Recognizing the risk of venous thromboembolism, Queensland Statewide Venous Thromboembolism Prevention guidelines recommend using Padua risk assessment model for mental health patients.
Even outside of implementing specific prevention strategies, awareness of risk may be just as important. One review noted that psychiatric patients may not recognize symptoms of deep venous thrombosis in addition to being frequently sedated.

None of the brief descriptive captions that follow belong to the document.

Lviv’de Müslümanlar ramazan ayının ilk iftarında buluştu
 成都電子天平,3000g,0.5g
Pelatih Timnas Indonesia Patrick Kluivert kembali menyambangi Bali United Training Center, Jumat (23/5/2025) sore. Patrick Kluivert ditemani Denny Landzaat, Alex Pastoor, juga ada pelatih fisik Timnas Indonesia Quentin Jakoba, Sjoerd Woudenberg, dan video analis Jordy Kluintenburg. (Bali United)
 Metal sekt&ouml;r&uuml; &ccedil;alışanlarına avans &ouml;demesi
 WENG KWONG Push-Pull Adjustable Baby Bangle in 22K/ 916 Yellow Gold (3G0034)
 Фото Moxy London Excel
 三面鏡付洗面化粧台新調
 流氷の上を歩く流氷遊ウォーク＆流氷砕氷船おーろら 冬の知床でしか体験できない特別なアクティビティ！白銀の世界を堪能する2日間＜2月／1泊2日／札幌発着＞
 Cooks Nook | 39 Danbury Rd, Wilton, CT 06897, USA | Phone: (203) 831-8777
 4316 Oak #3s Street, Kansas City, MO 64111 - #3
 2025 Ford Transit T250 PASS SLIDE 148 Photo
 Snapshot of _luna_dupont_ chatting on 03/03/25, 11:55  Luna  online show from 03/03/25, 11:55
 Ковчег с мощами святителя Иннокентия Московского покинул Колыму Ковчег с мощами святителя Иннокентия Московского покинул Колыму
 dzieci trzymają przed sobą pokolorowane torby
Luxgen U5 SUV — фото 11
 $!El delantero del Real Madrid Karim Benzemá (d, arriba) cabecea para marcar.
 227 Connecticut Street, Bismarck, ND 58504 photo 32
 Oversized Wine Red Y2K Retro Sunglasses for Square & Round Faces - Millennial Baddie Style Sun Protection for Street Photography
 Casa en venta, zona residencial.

This study recommends regular screening and assessment, including the use of d‐dimer in psychiatric patients, to help prevent venous thromboembolism incidence. This screening may be especially important in patients who are restrained and therefore unable to self‐assess as well as the associated sedentariness caused by restraint use.
CONCLUSIONS
Clinicians should always keep an open mind, but perhaps even dramatically more so when dealing with the acutely psychotic. In addition to being classically unreliable historians, there are many potential causes of acute agitation, which is often accompanied by tachycardia. Confirmation bias toward an agitated patient with a known psychiatric diagnosis can too easily allow for concurrent or developing medical emergencies to be overlooked. Although it can be reasonable to sedate an acutely psychotic patient, serial evaluations are imperative as is continued consideration of the clinical picture including any persistent vital sign abnormalities. Our patient experienced sustained hypoxia and an altered mental status after she collapsed, despite significant oxygen support, and although her hypoxia was unlikely the only factor affecting her mental status, it could certainly exacerbate an underlying psychiatric decompensation. Ultimately, her persistent hypoxia and re‐evaluation were the keys to discovering her cardiopulmonary emergency in a timely enough manner to successfully resuscitate her.
CONFLICT OF INTEREST
The authors have no financial interests associated with this publication. This writing has not been previously published and it is not being considered by any other publications at this time.